Meanwhile, when the driving rotary shaft 85x rotates a different angle range (angle θ2 shown in FIG. 17B) from the angle θ1, it is configured that the engagement between the pinion and the rack is released, and that the cam surface 86y engages in the engagement roller 53h of the up-and-down member 53c.

In FIG. 17, the pinion 85p in the shape of a semicircle is formed in the angle range θ1 in the outer circumference of the driving rotary shaft 85x, and the cam surface 86y in the shape of a semicircle is formed in the remaining angle range θ2. Then, the cam surface 86y is formed in a circular shape with the same diameter. Accordingly, the angle ranges are set so that the up-and-down member 53c travels between the waiting position Wp and the actuation position Ap when the driving rotary shaft 85x rotates within the angle range θ1 from the home position, and that the up-and-down member 53c is held in the actuation position Ap when the driving rotary shaft 85x rotates within the angle range θ2.

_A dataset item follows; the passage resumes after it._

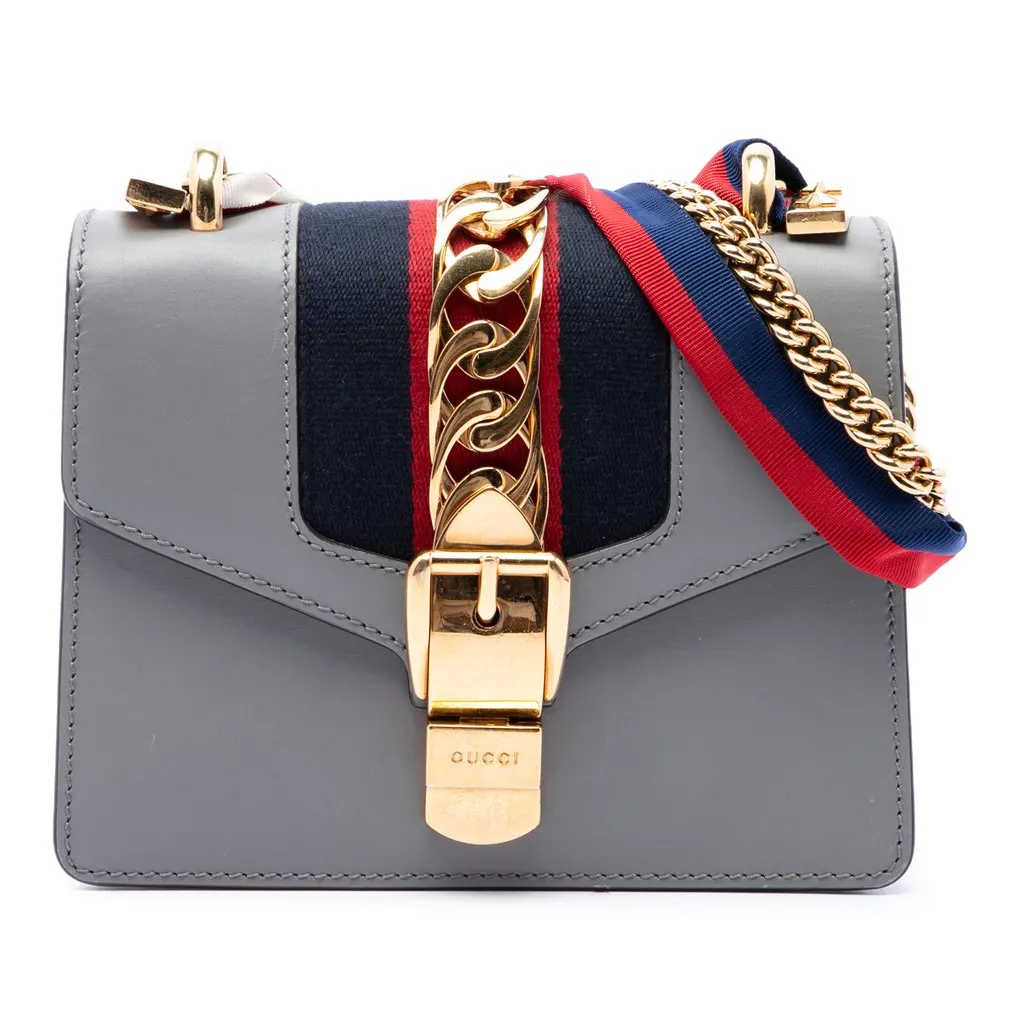 Gucci Mini Calfskin Web Sylvie Chain Satchel Grey Leather Very good - Front View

In addition, FIG. 17 models the relationship between the pinion 85p and the cam surface 86y, and there is no inevitability to form the pinion and surface in the shape of a semicircle. By forming the pinion 85p and the cam surface 86y in the shape of a circle in the outer circumference of the driving rotary shaft 85x, and configuring the position relationship that the pinion 85p and the rack 53k engage in each other in the angle range θ1 of the driving rotary shaft 85x, and that the cam surface 86y and the engagement roller 53h engage in each other in the angle range θ2, it is possible to facilitate the processing.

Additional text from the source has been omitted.